Location
- 2008 Ethel Road Piscataway, Middlesex County, New Jersey 08854 United States
- 40°32′05″N 74°24′54″W﻿ / ﻿40.534595°N 74.415078°W

Information
- Type: Private school
- Motto: God Bless and Go Tigers!
- Established: 1949
- NCES School ID: 00869648
- Principal: James Smock
- Faculty: 43.5 FTEs
- Grades: PreK-12
- Enrollment: 452 (as of 2023–24)
- Student to teacher ratio: 10.4:1
- Colors: Blue and Gold
- Team name: Tigers
- Accreditation: Middle States Association of Colleges and Schools
- Tuition: $12,800 (grades 9-12 for 2022-23)
- Website: timothychristian.org

= Timothy Christian School (New Jersey) =

Christian school in Middlesex County, New Jersey, United States

Timothy Christian is a private Christian school for students in pre-kindergarten through twelfth grade, located in Piscataway in Middlesex County, in the U.S. state of New Jersey.

The campus of Timothy Christian School, founded in 1949, consists of nine buildings, which used to be called Camp Kilmer. The school is an "interdenominational evangelical independent school that is fully accredited by ACSI and Middle States." The school has been accredited by the Middle States Association of Colleges and Schools Commission on Elementary and Secondary Schools since 2003 and its current accreditation expires in July 2030.

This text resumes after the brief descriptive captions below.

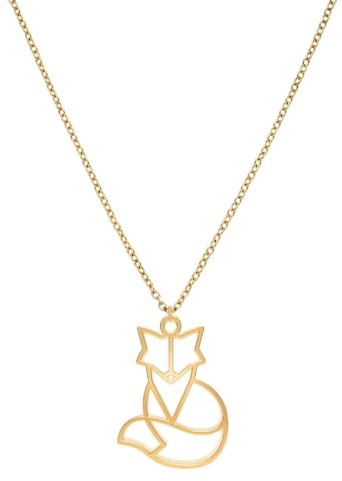 Fauna Collier Animal Renard Couleur Or ou Argent avec Chaîne ou Cordon Noir pour Femmes, Hommes ou Enfants, Résistant et Ajustable Fabriqué en France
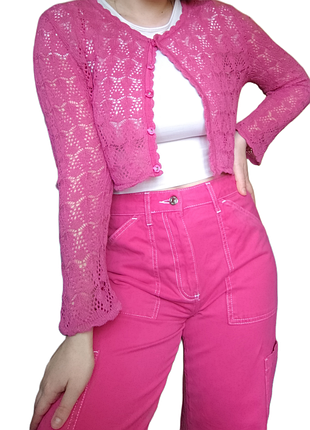 Рожевий кроп-кардиган fenn wright manson льон бавовна ажурна кофта болеро coquette barbiecore pink linen cotton lace knit cardigan bolero studio xs s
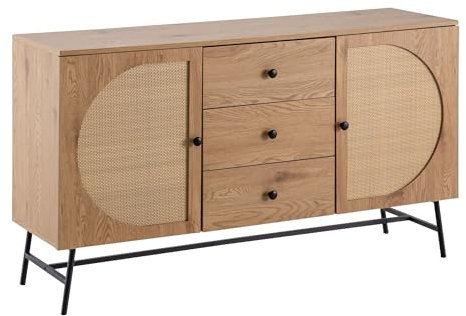 Wohnling Sideboard 140x80x40 cm Kommode Eiche-Dekor mit Rattan Geflecht Modern, Hoher Kommodenschrank, Standschrank mit 2 Türen und 3 Schubladen, Anrichte Wohnzimmer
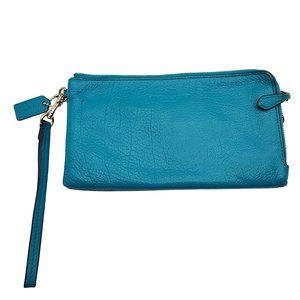 Coach Double zip Corner Wristlet soft leather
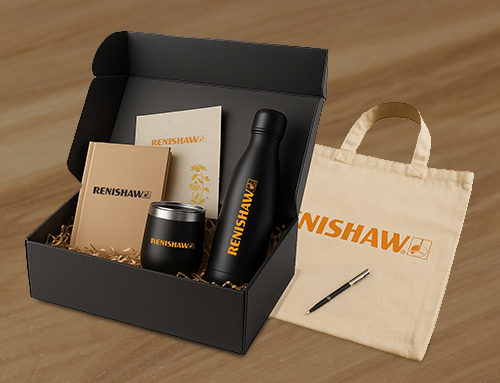 Custom-curated branded merchandise gift box example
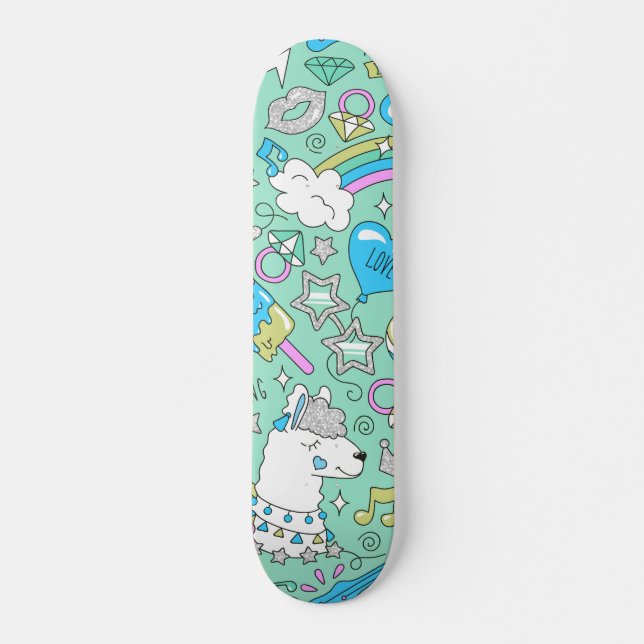 Lama mönster 2 mini skateboard bräda 18,5 cm (Framsida)
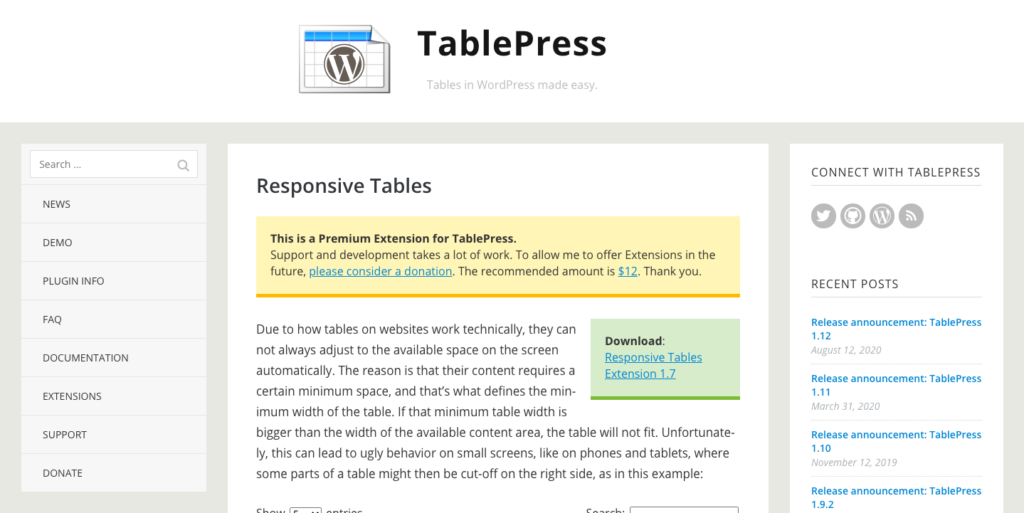 wordpress table plugins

As of the 2023–24 school year, the school had an enrollment of 452 students and 43.5 classroom teachers (on an FTE basis), for a student–teacher ratio of 10.4:1. The school's student body was 31.0% (140) Black, 29.2% (132) White, 26.5% (120) Hispanic, 7.7% (35) Asian and 4.4% (20) two or more races, 0.7% (3) American Indian / Alaska Native and 0.4% (2) Native Hawaiian / Pacific Islander.

==Athletics==
The Timothy Christian School Tigers compete in the Greater Middlesex Conference, which comprises public and private high schools in the county and operates under the supervision of the New Jersey State Interscholastic Athletic Association (NJSIAA). School colors are blue and gold.